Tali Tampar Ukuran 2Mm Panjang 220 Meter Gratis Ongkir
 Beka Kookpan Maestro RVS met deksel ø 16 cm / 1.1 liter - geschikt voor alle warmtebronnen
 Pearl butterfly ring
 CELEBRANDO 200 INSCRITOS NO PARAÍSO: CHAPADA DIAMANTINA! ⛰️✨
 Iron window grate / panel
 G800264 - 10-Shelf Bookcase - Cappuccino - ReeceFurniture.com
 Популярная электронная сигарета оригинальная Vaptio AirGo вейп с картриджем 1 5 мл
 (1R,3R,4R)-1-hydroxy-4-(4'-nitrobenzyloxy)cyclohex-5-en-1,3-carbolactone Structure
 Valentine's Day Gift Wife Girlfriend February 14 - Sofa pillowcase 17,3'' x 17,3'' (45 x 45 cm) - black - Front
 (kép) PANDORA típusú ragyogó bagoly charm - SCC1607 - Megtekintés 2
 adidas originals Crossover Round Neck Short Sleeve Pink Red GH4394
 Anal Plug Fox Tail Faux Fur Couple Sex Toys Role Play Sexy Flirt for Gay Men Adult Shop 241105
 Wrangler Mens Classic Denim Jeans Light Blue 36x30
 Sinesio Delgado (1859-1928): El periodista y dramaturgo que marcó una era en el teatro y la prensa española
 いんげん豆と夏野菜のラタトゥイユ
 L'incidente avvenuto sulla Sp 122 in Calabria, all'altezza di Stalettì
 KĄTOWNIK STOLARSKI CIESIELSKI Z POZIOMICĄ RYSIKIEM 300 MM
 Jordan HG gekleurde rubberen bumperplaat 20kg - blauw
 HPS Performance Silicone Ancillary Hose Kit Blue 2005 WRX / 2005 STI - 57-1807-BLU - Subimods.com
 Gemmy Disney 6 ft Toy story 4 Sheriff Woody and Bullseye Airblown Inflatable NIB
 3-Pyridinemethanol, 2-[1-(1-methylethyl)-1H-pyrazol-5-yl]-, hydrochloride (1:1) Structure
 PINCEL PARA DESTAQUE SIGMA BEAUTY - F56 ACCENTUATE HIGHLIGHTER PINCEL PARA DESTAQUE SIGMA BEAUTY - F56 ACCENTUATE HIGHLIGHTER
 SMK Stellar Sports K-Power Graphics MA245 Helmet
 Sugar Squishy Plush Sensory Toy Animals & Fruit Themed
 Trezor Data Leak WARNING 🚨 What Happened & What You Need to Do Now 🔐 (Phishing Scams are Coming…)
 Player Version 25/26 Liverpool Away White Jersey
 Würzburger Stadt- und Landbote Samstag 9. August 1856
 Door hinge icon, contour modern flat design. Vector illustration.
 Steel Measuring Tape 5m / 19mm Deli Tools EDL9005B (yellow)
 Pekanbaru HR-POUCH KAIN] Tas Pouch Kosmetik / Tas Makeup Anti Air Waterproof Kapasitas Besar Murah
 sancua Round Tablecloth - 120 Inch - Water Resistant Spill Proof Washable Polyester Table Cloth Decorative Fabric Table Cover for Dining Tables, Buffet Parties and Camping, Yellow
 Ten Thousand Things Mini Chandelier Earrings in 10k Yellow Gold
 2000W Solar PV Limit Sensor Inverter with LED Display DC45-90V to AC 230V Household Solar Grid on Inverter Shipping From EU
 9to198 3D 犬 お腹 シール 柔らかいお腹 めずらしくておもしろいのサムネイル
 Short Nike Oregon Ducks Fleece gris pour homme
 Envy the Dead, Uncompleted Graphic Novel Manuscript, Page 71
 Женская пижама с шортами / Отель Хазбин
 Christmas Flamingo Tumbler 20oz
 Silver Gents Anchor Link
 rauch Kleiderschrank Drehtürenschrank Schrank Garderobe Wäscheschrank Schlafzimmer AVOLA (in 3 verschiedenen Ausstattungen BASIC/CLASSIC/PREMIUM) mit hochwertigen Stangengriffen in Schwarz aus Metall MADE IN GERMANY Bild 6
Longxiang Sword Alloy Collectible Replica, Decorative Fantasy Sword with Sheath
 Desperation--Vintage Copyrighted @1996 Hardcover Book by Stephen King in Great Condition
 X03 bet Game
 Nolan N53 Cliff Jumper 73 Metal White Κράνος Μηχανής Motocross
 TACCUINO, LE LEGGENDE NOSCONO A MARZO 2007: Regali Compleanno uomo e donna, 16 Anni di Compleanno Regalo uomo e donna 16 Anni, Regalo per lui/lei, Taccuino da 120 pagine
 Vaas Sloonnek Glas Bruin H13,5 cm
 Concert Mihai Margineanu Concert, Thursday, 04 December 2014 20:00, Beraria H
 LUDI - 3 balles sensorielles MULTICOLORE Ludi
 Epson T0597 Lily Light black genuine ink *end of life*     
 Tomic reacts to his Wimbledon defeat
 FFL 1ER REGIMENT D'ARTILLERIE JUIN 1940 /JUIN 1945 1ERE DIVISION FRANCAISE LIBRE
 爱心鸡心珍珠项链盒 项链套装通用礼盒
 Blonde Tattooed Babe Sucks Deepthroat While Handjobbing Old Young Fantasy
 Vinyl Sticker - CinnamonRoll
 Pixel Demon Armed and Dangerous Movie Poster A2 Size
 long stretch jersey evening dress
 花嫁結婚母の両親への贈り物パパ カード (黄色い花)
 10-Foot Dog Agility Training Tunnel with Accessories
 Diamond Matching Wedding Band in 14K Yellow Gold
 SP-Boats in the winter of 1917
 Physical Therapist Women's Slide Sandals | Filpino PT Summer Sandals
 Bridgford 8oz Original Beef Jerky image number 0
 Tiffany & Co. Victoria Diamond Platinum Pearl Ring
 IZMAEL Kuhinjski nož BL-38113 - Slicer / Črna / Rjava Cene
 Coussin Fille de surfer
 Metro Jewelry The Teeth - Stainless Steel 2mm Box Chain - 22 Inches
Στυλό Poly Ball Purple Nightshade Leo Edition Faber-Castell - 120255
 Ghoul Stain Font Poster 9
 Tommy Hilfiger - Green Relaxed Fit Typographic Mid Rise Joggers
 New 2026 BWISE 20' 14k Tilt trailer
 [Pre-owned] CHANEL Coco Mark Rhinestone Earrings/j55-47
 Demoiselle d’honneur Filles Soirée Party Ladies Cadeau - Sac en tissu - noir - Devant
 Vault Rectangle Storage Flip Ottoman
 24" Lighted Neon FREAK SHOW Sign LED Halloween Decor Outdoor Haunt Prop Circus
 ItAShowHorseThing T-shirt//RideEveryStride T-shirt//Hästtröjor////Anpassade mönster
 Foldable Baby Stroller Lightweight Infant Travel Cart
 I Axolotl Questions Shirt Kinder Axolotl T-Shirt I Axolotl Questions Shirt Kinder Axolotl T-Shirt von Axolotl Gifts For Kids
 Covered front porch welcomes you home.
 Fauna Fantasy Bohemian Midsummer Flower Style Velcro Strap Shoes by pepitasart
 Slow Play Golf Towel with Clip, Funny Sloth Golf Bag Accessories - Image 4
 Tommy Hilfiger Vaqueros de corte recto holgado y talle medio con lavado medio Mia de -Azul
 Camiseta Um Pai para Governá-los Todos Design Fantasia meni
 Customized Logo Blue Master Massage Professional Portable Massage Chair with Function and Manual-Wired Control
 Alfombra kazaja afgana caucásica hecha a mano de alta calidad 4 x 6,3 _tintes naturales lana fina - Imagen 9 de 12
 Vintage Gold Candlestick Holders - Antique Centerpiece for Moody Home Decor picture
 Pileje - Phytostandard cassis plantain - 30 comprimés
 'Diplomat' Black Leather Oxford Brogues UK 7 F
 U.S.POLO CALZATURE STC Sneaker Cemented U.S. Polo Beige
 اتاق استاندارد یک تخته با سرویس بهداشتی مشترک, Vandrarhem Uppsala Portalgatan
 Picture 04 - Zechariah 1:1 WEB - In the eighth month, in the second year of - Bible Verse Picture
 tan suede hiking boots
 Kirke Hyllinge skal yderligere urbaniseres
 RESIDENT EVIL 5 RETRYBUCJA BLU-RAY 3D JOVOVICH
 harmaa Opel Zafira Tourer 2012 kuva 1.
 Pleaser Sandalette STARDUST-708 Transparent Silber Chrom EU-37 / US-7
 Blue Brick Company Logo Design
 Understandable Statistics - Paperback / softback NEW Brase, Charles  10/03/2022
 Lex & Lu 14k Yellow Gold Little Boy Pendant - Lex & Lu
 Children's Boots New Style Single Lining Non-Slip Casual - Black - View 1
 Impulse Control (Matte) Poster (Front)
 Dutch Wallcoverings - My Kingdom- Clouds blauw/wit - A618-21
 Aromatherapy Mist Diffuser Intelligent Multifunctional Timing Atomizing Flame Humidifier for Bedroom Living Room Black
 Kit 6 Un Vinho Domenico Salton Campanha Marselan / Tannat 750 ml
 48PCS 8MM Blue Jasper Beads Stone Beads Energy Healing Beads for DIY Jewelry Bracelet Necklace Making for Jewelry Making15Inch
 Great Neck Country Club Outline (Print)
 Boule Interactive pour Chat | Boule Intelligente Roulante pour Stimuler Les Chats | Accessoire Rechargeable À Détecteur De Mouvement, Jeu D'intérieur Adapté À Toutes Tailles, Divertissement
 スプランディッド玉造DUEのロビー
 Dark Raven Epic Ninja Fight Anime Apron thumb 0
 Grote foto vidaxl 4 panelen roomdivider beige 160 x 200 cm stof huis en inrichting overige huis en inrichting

——

* TASK TO CARRY OUT *
In the listing above, find the line with "Coussin Fille de surfer" and the line with "Tommy Hilfiger Vaqueros", then reproduce both and every line between them exactly.

* SOLVED PROBLEM *
 Coussin Fille de surfer
 Metro Jewelry The Teeth - Stainless Steel 2mm Box Chain - 22 Inches
Στυλό Poly Ball Purple Nightshade Leo Edition Faber-Castell - 120255
 Ghoul Stain Font Poster 9
 Tommy Hilfiger - Green Relaxed Fit Typographic Mid Rise Joggers
 New 2026 BWISE 20' 14k Tilt trailer
 [Pre-owned] CHANEL Coco Mark Rhinestone Earrings/j55-47
 Demoiselle d’honneur Filles Soirée Party Ladies Cadeau - Sac en tissu - noir - Devant
 Vault Rectangle Storage Flip Ottoman
 24" Lighted Neon FREAK SHOW Sign LED Halloween Decor Outdoor Haunt Prop Circus
 ItAShowHorseThing T-shirt//RideEveryStride T-shirt//Hästtröjor////Anpassade mönster
 Foldable Baby Stroller Lightweight Infant Travel Cart
 I Axolotl Questions Shirt Kinder Axolotl T-Shirt I Axolotl Questions Shirt Kinder Axolotl T-Shirt von Axolotl Gifts For Kids
 Covered front porch welcomes you home.
 Fauna Fantasy Bohemian Midsummer Flower Style Velcro Strap Shoes by pepitasart
 Slow Play Golf Towel with Clip, Funny Sloth Golf Bag Accessories - Image 4
 Tommy Hilfiger Vaqueros de corte recto holgado y talle medio con lavado medio Mia de -Azul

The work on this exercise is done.